[EMAIL PROTECTED] writes:
> > > You might as well say that C code is not plain text because it too is
> > > subject to special canons of interpretation.
> > 
> > C, C++ and Java source files are not plain text as well (they 
> > have their own
> 
> C, C++ and Java source files are plain text.
> 
> > "text/*" MIME type, which is NOT "text/plain" notably because 
> > of the rules
> 
> I've seen text/cpp and text/java, but really there are no such 
> types. I've also 
> seen text/x-source-code which is at least legal, if of little value to 
> interoperability.
> 
> The correct MIME type for C and C++ source files is text/plain. 

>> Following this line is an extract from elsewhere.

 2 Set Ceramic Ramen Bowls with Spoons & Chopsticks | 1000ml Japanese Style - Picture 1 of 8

This is where I disagree: a plain text file makes no difference of
interpretation between their meta-linguistic meaning for the programming
language that uses and need it, and the same characters used to create
string constants or identifier names.

Unicode cannot, and must not, specify how the meta-characters used in a
programming language must combine with other actual strings that are treated
by the language syntax itself as _separate tokens_. This means that the
concept of combining sequences MUST NOT be used across all language token
boundaries. These boundaries are out of the spec of Unicode, but part of the
spec for the language, and they must be respected at the first level even
before trying to create other combining sequences within the _same_ token.

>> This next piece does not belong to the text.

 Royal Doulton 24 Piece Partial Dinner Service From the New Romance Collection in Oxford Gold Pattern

So even if "text/c", "text/cpp", "text/pascal" or "text/basic" are not
officially registered (but "text/java" and "text/javascript" are
registered...) it is important to handle text sources that aren't plain
texts as another "text/*" type, for example "text/x-other" or
"text/x-source" or "text/x-c" or "text/x-cpp".

> I'd be prepared 
> to give good odds that that is the case with Java source files as well.

As I said "text/java" is the appropriate MIME type for Java source files...

> > associated with end-of-lines, notably in presence of comments).
> 
> As source files (that is, at the stage in processing at which a 
> human user can see the source and edit it) the only handling required
> for end-of-lines is converstion of new line function characters, the same
> as for any other use of plain text.
> 
> The treatment of end-of-lines as significant when processed (for example 
> following one-line // comments) is a matter of what an 
> application chooses to do with a particular character. This is no
> different than an indexer deciding that a plain text file contains a
> particular word, or for that matter in my putting coffee filters into my
> basket if I see "coffee filters" written on my shopping list.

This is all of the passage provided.